Regisseur Florian Hinxlage hat sich für vier „echte“ Zossen und den Zweibein-Galopp entschieden. „Es weiß ja eigentlich niemand, wer unter der Maske steckt. Auch beim Schluss-Applaus outen wir uns nicht“, stellt Freilichtbühnen-Urgestein Herbert Pippel das Licht der Rösser mit den Startnummern der Winterberger Bobbahn unter den Scheffel. Aber spätestens durch diesen Beitrag ist das Pferde-Geheimnis gelüftet.

Eine Frage der Logistik

Um sich vor der großen Tanz-Szene zu drücken, haben einige der Vier lieber aufs Pferd gesetzt. „Pferd ist besser als tanzen“, sagt Reinhard Biber. „Für mich würde eine größere Rolle nicht zuletzt auch ein logistisches Problem bedeuten, denn mein Arbeitsplatz liegt 130 Kilometer entfernt“, erklärt Gerhard Knecht. „Ich bin das erste Mal dabei und über meine Freunde zur Bühne gekommen. Aber ich könnte mir auch vorstellen, später mal eine Sprechrolle zu spielen“, ist Medin Jakupovic begeistert.

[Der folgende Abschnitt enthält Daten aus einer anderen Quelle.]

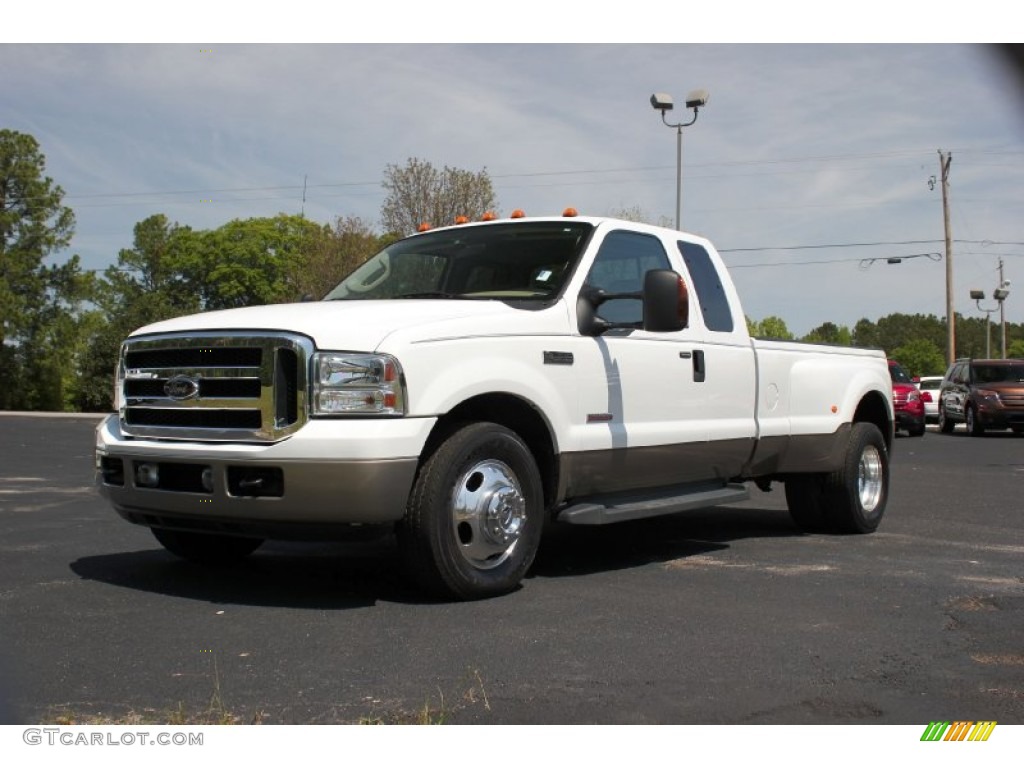 Oxford White 2006 Ford F350 Super Duty XLT SuperCab Dually Exterior Photo #63690656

Die Vier sind neben der Pferderolle aber auch noch in vielen anderen Szenen zu sehen – zum Beispiel als Saufkumpel von Alfred P. Doolittle. Aber selbst beim kleinsten Bild ist es wichtig, immer konzentriert bei der Sache zu sein. Dass sie n u r kleine Rollen spielen, schmälert in keiner Weise das Zusammengehörigkeitsgefühl oder das Ansehen unter den Akteuren. „Wir sind hier eine gemeinsame Truppe und da kommt es nicht drauf an, ob man eine große oder kleine Rolle spielt“, sagt Herbert Pippel, der außerdem auch noch für die Requisite zuständig ist.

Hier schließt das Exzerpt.